A Love Letter to the Zbkb pack Instruction

The pack instruction from Zbkb is the best RISC-V instruction that nobody implements. On RV32, Zbkb contains the following bit manipulation instructions which are not present in Zbb:

Expressed in English, pack is the concatenation of the low halves of its two input registers. Its little brother packh is the concatenation of the two least-significant bytes into a zero-extended halfword.

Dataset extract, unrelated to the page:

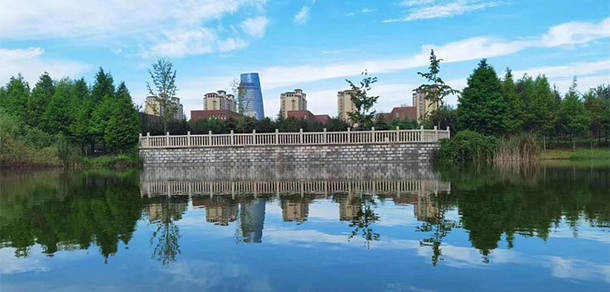 我的大學(xué)-大學(xué)志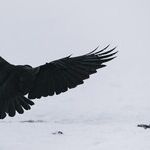 The 146-lb. Raven That Haunted Yale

Zbb dropped the pack and packh instructions late in the ratification process because they were cut based on a SPECint benchmark with early compiler support and inertia was then in favour of leaving them out. A subset of pack was retained in Zbb as the zext.h pseudo-instruction (rs2 is zero)³, but not the remaining encodings, and nothing for packh (as zext.b is a pseudo-instruction for andi).

The rationale for the full instructions’ retention in Zbkb was likely to speed up loads from unaligned halfword and word fields on processors which lack native support for unaligned reads, since packed fields inside of octet streams are common in cryptographic workloads.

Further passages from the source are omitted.